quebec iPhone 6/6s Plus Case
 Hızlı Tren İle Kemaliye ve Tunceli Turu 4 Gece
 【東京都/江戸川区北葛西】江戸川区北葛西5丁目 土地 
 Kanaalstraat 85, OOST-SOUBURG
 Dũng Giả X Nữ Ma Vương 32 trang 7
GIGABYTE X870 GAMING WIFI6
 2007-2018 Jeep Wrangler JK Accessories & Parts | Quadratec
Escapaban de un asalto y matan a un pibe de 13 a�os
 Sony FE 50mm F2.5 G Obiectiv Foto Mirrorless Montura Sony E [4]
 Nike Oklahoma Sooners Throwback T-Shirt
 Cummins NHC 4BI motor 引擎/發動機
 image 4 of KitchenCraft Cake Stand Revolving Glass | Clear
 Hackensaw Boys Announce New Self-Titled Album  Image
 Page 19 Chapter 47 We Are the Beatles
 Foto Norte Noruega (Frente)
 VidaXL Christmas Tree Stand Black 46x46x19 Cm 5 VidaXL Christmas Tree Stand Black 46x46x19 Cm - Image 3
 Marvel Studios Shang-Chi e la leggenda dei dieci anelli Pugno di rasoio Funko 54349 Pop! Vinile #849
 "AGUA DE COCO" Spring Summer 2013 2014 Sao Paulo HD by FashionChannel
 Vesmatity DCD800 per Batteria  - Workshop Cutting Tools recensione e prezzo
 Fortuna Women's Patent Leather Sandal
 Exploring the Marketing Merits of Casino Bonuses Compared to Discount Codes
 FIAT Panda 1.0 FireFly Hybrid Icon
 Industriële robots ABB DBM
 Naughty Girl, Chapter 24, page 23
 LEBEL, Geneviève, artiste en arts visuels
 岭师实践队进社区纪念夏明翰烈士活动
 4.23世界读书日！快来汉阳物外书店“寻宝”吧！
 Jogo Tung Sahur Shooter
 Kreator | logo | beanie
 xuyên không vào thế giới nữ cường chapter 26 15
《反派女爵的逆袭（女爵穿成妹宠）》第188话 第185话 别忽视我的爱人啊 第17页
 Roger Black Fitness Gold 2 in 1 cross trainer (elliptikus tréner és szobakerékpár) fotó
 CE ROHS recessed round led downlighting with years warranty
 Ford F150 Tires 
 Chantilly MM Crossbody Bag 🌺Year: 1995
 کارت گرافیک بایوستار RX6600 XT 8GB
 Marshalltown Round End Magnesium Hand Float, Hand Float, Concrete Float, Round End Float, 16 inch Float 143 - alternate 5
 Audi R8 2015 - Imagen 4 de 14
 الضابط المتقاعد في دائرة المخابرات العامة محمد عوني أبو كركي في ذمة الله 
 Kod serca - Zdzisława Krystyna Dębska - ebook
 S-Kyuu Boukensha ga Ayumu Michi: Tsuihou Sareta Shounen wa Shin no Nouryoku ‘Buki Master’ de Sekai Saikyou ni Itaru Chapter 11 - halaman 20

|---|

* **About this exercise**
Find the word "Black" in the data and copy out each line where it turns up.

* **Output for this exercise**
 VidaXL Christmas Tree Stand Black 46x46x19 Cm 5 VidaXL Christmas Tree Stand Black 46x46x19 Cm - Image 3
 Roger Black Fitness Gold 2 in 1 cross trainer (elliptikus tréner és szobakerékpár) fotó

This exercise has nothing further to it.